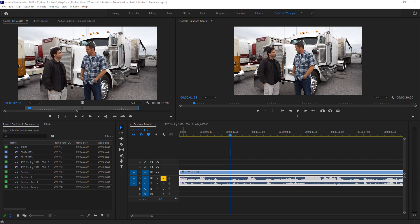In this video, we'll discuss automatically creating subtitles in Adobe Premiere Pro 2022, as well as how to export those subtitles for use in YouTube. So let's get started.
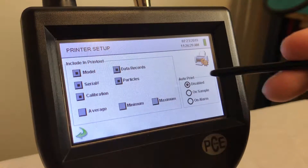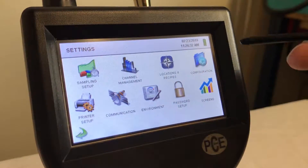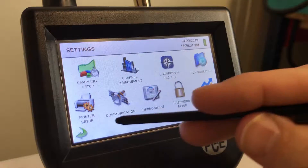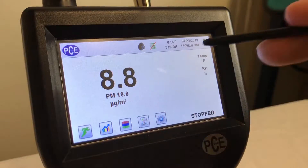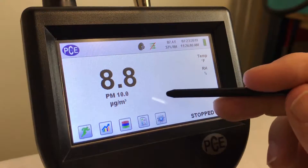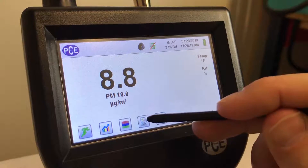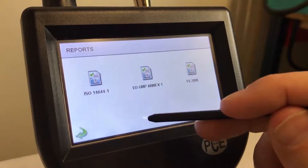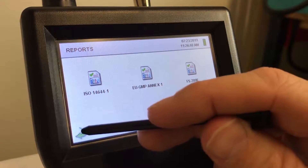Here's your printer setup. And then here's your main screen. If you want to run reports or ISO reports, you can select that there.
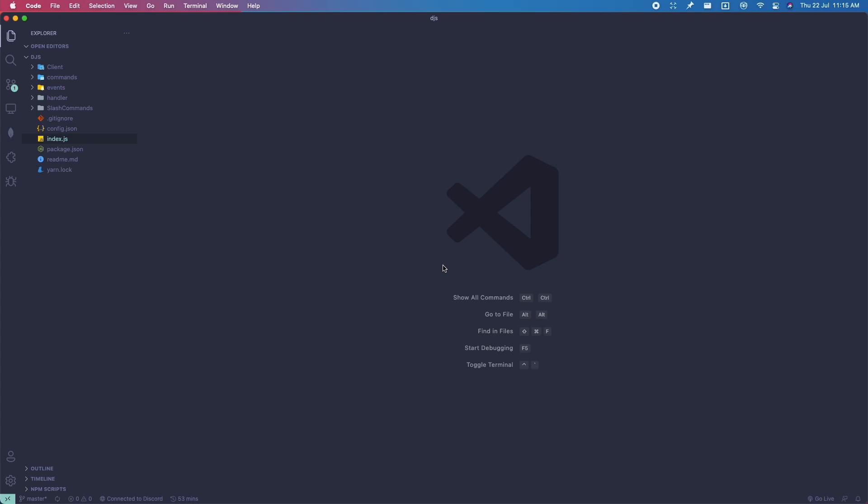Hey guys, welcome back to the guide on Discord.js official buttons. In this video, I'll be covering the things you need to know to use and make buttons on Discord.js version 13. For your information, you can't use the DiscordButtons npm package on Discord.js version 13, so you might want to stick around and update your code.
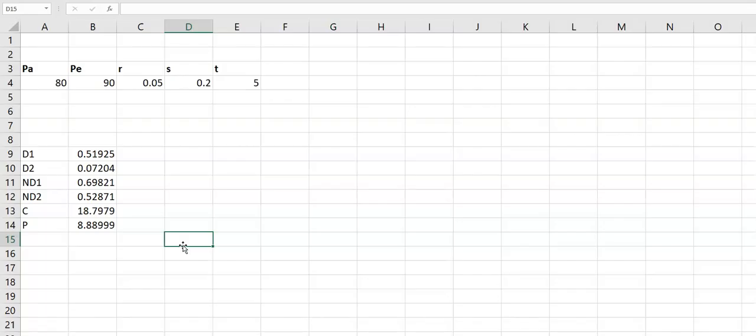Remember, this calculator will only be available if the examiner tests the question using the Black-Scholes model. Thank you so much, guys.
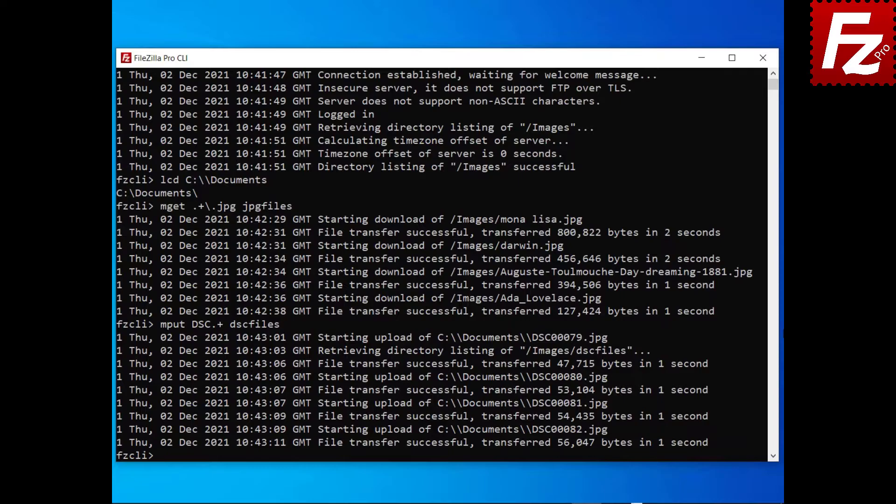In this video you learned how to use the commands to transfer multiple files.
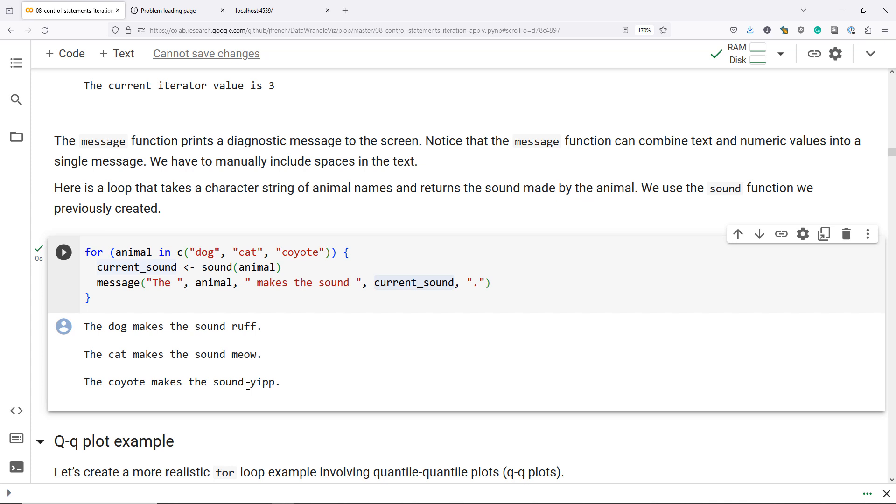So there are two examples of how we can use a basic for loop to do some really basic things. I hope that they have helped you to understand how to iteratively perform an action using a for loop.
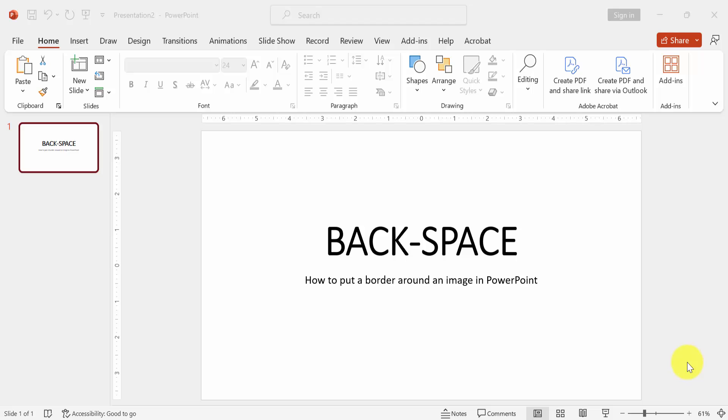At first we have to open a PowerPoint presentation. Now we want to put a border around an image in this presentation.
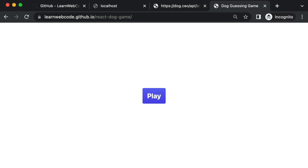Welcome back to the channel. In this video, we're going to build a dog guessing game using React and Tailwind. Here's a sneak preview of the finished product of what we're going to build together step by step.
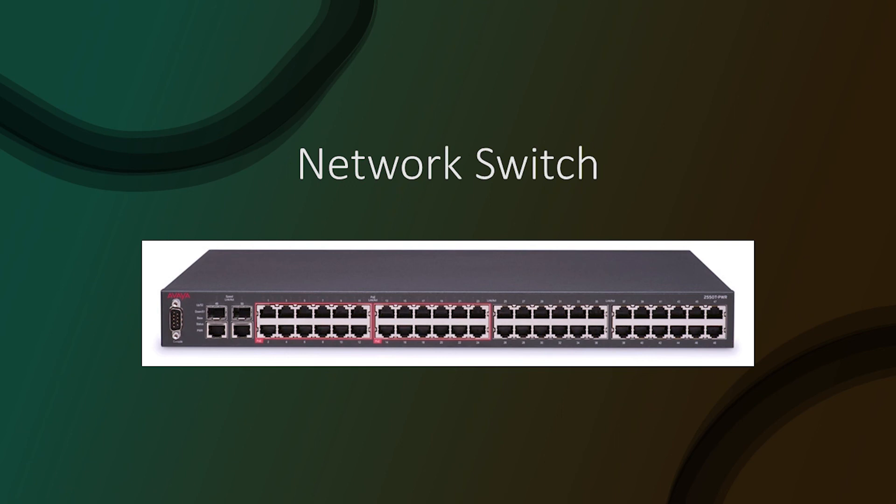Because the switch inspects the data, and uses that information to determine which physical port to forward the data to, it is considered a data link layer device. We'll go more in depth on how the switch works in a later lecture.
++++++++
DIRECTIONS FOR THIS TASK:
Write out the entries again word for word. Do not include the pictures.

EXERCISE OUTPUT:
In this video, we'll discuss automatically creating subtitles in Adobe Premiere Pro 2022, as well as how to export those subtitles for use in YouTube. So let's get started.
Here's your printer setup. And then here's your main screen. If you want to run reports or ISO reports, you can select that there.
Hey guys, welcome back to the guide on Discord.js official buttons. In this video, I'll be covering the things you need to know to use and make buttons on Discord.js version 13. For your information, you can't use the DiscordButtons npm package on Discord.js version 13, so you might want to stick around and update your code.
Remember, this calculator will only be available if the examiner tests the question using the Black-Scholes model. Thank you so much, guys.
In this video you learned how to use the commands to transfer multiple files.
So there are two examples of how we can use a basic for loop to do some really basic things. I hope that they have helped you to understand how to iteratively perform an action using a for loop.
At first we have to open a PowerPoint presentation. Now we want to put a border around an image in this presentation.
Welcome back to the channel. In this video, we're going to build a dog guessing game using React and Tailwind. Here's a sneak preview of the finished product of what we're going to build together step by step.
Because the switch inspects the data, and uses that information to determine which physical port to forward the data to, it is considered a data link layer device. We'll go more in depth on how the switch works in a later lecture.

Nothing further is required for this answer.